Además, el refranero popular mexicano es rico en opciones cuando de la muerte se habla. Se le conoce como “La Pelona”, “La Pepenadora”, “La Huesuda”, “La Catrina”, “La Tía de las muchachas”, “La Tilinga”, “La Madre Matiana”, “La Tiznada”, “La Igualadora”, “La Copetona”, “La Mocha”, “La Flaca”, “Patas de hilo” y de muchos modos más.
Proliferan textos literarios sobre ella. Dicharachos como “Contra la muerte no hay ley, mata al papa, mata al rey”, “El muerto al pozo y el vivo al gozo”, “Genio y figura hasta la sepultura”, “El que por su gusto muere hasta la muerte le sabe”, “Muerto el perro se acabó la rabia”, y “El que a hierro mata a hierro muere”, son ejemplos del rico refranero.
La muerte está tan segura de alcanzar a todas las personas en este efímero mundo, que a cada cual le da una vida de ventaja, pero eso sí, cuando le toca, aunque se quite y si no le toca, aunque se ponga.
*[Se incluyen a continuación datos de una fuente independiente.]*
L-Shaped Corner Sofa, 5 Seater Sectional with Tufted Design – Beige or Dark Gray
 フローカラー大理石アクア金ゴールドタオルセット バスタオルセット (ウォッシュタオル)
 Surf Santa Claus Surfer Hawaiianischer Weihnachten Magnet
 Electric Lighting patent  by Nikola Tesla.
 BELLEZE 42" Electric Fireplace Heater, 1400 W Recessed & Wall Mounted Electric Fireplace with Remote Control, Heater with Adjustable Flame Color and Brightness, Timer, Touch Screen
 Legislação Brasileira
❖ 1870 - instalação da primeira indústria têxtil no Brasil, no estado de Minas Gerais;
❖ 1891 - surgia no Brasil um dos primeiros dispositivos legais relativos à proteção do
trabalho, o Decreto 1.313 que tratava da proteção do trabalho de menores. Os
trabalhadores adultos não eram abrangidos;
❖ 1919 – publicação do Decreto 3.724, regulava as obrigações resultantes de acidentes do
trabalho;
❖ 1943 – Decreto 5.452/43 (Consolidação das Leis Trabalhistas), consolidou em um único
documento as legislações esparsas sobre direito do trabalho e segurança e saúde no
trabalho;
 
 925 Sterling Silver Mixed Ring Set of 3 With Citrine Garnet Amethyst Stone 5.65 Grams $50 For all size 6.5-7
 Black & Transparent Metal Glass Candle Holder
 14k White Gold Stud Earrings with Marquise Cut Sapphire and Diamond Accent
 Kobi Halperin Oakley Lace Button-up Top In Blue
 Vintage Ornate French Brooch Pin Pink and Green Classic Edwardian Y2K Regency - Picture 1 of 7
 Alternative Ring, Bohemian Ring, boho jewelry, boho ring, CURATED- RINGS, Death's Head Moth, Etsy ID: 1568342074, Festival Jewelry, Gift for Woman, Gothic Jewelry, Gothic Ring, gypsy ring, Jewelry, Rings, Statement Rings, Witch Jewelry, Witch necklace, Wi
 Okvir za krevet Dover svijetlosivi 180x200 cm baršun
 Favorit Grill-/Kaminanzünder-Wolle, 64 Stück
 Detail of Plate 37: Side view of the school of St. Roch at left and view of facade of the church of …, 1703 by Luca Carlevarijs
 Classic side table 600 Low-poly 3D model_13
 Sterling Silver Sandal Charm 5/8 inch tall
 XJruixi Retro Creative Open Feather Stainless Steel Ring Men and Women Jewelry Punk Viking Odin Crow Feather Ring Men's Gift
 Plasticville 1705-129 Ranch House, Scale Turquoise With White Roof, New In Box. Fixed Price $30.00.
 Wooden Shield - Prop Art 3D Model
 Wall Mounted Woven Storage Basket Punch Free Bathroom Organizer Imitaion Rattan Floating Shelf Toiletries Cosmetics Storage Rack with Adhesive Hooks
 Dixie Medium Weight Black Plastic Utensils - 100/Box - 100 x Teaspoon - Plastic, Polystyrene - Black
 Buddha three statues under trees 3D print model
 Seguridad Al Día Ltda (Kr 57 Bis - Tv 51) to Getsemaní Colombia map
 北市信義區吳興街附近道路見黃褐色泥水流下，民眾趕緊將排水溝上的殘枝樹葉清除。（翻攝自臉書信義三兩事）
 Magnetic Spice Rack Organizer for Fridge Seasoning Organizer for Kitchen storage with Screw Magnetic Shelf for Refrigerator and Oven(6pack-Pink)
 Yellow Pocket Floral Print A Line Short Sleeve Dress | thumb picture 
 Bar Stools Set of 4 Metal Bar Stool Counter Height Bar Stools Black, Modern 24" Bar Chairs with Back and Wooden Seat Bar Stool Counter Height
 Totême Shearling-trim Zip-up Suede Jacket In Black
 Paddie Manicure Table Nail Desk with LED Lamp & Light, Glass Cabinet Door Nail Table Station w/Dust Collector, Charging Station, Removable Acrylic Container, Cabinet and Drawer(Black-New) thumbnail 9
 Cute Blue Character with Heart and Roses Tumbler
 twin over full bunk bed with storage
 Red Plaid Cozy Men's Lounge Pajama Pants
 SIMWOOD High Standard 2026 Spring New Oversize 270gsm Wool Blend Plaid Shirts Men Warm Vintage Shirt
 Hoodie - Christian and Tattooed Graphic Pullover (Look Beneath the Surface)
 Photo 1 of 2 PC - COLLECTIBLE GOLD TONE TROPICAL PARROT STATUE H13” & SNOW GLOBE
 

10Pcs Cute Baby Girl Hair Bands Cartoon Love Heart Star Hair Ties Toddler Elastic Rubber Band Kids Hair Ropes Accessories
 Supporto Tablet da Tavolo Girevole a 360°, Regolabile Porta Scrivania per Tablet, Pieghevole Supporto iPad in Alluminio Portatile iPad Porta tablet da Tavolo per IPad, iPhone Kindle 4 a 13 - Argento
Lo cierto es que de gordos y tragones están llenos los panteones y nadie niega que es mejor que le digan “aquí corrió que aquí murió”. Así lo dice el dicho.
El cronista musical Chava Flores cantó: “Cuando vivía el infeliz, ya que se muera, y hoy que ya está en el veliz, qué bueno era”. Por su parte, “La Valentina”, canción del dominio público, grita a los cuatro vientos que “si me han de matar mañana, que me maten de una vez”, y en “El jinete”, de José Alfredo Jiménez, un hombre pierde a su amada y ya no quiere vivir más.
La filmografía al respecto es amplia. ¿Ejemplos? Macario (1960) protagonizada por Ignacio López Tarso y Pina Pellicer. Se rodó en escenarios de la ciudad de Taxco, las Grutas de Cacahuamilpa y la Laguna de Zempoala. Es una fantasía dramática dirigida por Roberto Gavaldón con guion de Emilio Carballido sobre la novela homónima de Traven.
Hasta el viento tiene miedo (1968) es la película más famosa del director Carlos Enrique Taboada. Actuada magistralmente por Marga López y Maricruz Olivier, la cinta es de un horror gótico que realmente espanta. Un año después, 1969, Taboada volvió a asustar al público con El libro de piedra, y lo que pasa en una vieja casa en el campo.
Veneno para las hadas (1986) cerró la trilogía de ese director y narra la vida de dos niñas, Flavia y Verónica, quienes viven una aventura que termina en drama. La historia está recubierta con brujas y poderes sobrenaturales. La lista de manifestaciones artísticas sobre el tema es larga y el espacio breve. Hablar de la muerte llevaría una vida.